中谷美紀の――後の主演映画『嫌われ松子の一生』で致命的に明らかになる事だが――与えられた役柄に必須の‘チャーミングな愚かさ’が全く演じられないという限界の露呈。『ケイゾク』の柴田純のような浮世離れした天然キャラならこなせる中谷だが、生っぽい俗臭と呼べるものがほぼ皆無。
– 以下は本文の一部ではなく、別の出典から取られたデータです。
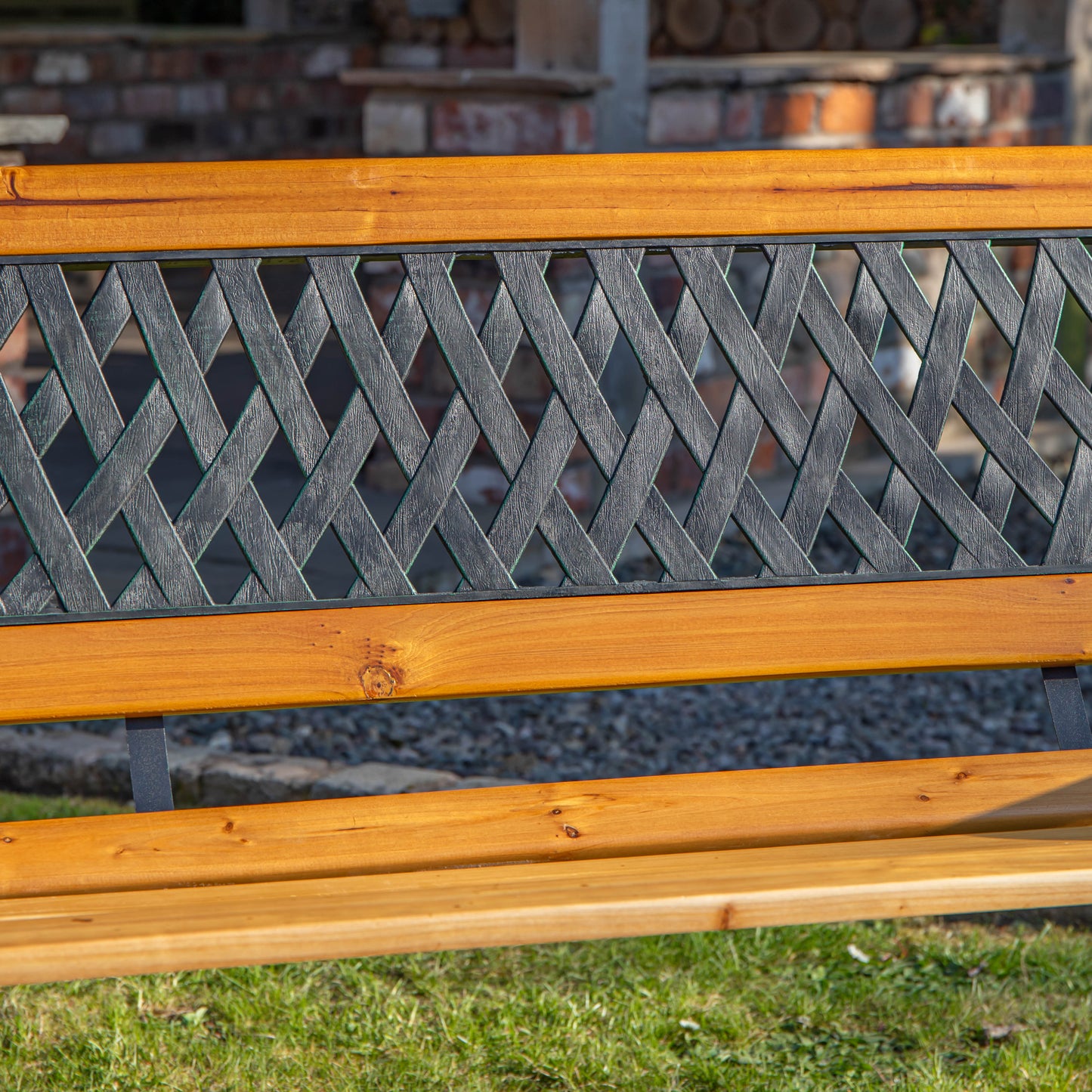 2 Seater Outdoor Wooden Cast Iron with Lattice Design Garden Patio Bench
だから、彼女の演じる「ババロアちゃん」こと宝田がその綽名に立腹する様子や、修学旅行中の学生たちのような車内の砕けた雰囲気の中での存在感、最後に志方(椎名桔平)への想いを、プライドも何もかなぐり捨てて発露してしまう場面など、宝田が宝田としてこの劇空間に存在する事のリアルさを発揮すべきポイントがことごとく不発に終わっている。
全体的にも、町田さんが既に指摘されているように、役者間の温度差が目にあまる。伴杏里の演技は、下手な上に薄い。彼女をとり巻いてアイドル扱いする男どもが全員、役割としての「大きな男子中学生みたいな大人」を頑張って演じているのが見えてしまう。あとの役者は演技のアクセントが多かれ少なかれ、ちと強すぎて芝居がかっている。椎名の自然な佇まいだけが一服の清涼剤。尤もあの役柄ならもう少しアクの強さが濃く出る男の方がよかったのかもしれず、やや微妙。
クレイジーケンバンドの歌が画面に介入してくる仕方もなんか嫌。今井(伴)が横山(八嶋智人)に「金を持って二人だけで逃げよう」と誘われる場面での「♪バスト、はちじゅうはっち」や、スーツケースの鍵がどの鍵でも開かない事が判明する場面での「♪ショオーック」などの、歌詞の説明的な鬱陶しさは『あの夏、いちばん静かな海。』で久石譲が「silent love」を連呼させたのよりもさらに悪い。特に「バスト・88」は、伴がこの場面に必要な筈のコミカルさや陽性さが全く無いので、妙に生々しい厭らしさが出てしまっていて不快だ。
ゴンゾウの造形はわりに好き。台詞で皆がそのデザインの可笑しさを嬉々として語っていたにも関らず、いざ画面にそれが登場すると、誰もゴンゾウの造形には言及せず、消えた金の行方にしか目がいっていない。一人黙って座っている、目つきの悪いパンダ…。ヘンに可笑しい。